[Stored entries]
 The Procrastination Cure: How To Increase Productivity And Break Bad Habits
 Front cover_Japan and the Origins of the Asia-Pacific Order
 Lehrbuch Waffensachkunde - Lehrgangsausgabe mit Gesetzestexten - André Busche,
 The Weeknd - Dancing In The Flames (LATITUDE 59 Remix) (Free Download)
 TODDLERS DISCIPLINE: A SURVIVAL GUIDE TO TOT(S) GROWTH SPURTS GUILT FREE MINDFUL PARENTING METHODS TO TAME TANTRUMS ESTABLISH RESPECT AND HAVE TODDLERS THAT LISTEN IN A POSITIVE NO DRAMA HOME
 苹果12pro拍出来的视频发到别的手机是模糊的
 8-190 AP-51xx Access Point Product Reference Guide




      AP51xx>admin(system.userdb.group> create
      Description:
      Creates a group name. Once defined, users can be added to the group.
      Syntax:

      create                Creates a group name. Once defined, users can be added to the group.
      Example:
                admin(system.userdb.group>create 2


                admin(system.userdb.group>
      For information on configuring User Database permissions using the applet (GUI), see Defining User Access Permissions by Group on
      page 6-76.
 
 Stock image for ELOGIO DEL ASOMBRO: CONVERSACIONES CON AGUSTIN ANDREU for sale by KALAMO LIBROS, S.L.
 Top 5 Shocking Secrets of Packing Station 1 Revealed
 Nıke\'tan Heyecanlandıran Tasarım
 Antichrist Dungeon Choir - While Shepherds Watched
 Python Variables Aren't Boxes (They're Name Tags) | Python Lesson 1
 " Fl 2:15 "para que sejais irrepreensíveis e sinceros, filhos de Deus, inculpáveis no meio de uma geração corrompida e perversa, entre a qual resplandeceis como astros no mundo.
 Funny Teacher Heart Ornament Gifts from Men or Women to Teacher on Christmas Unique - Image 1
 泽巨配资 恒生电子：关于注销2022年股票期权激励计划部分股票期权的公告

Exercise brief> Give only the lines from the one holding "TODDLERS DISCIPLINE: A" through the one holding "Nıke\'tan Heyecanlandıran Tasarım", each restated exactly as it appears above.

Answer for the task>
 TODDLERS DISCIPLINE: A SURVIVAL GUIDE TO TOT(S) GROWTH SPURTS GUILT FREE MINDFUL PARENTING METHODS TO TAME TANTRUMS ESTABLISH RESPECT AND HAVE TODDLERS THAT LISTEN IN A POSITIVE NO DRAMA HOME
 苹果12pro拍出来的视频发到别的手机是模糊的
 8-190 AP-51xx Access Point Product Reference Guide




      AP51xx>admin(system.userdb.group> create
      Description:
      Creates a group name. Once defined, users can be added to the group.
      Syntax:

      create                Creates a group name. Once defined, users can be added to the group.
      Example:
                admin(system.userdb.group>create 2


                admin(system.userdb.group>
      For information on configuring User Database permissions using the applet (GUI), see Defining User Access Permissions by Group on
      page 6-76.
 
 Stock image for ELOGIO DEL ASOMBRO: CONVERSACIONES CON AGUSTIN ANDREU for sale by KALAMO LIBROS, S.L.
 Top 5 Shocking Secrets of Packing Station 1 Revealed
 Nıke\'tan Heyecanlandıran Tasarım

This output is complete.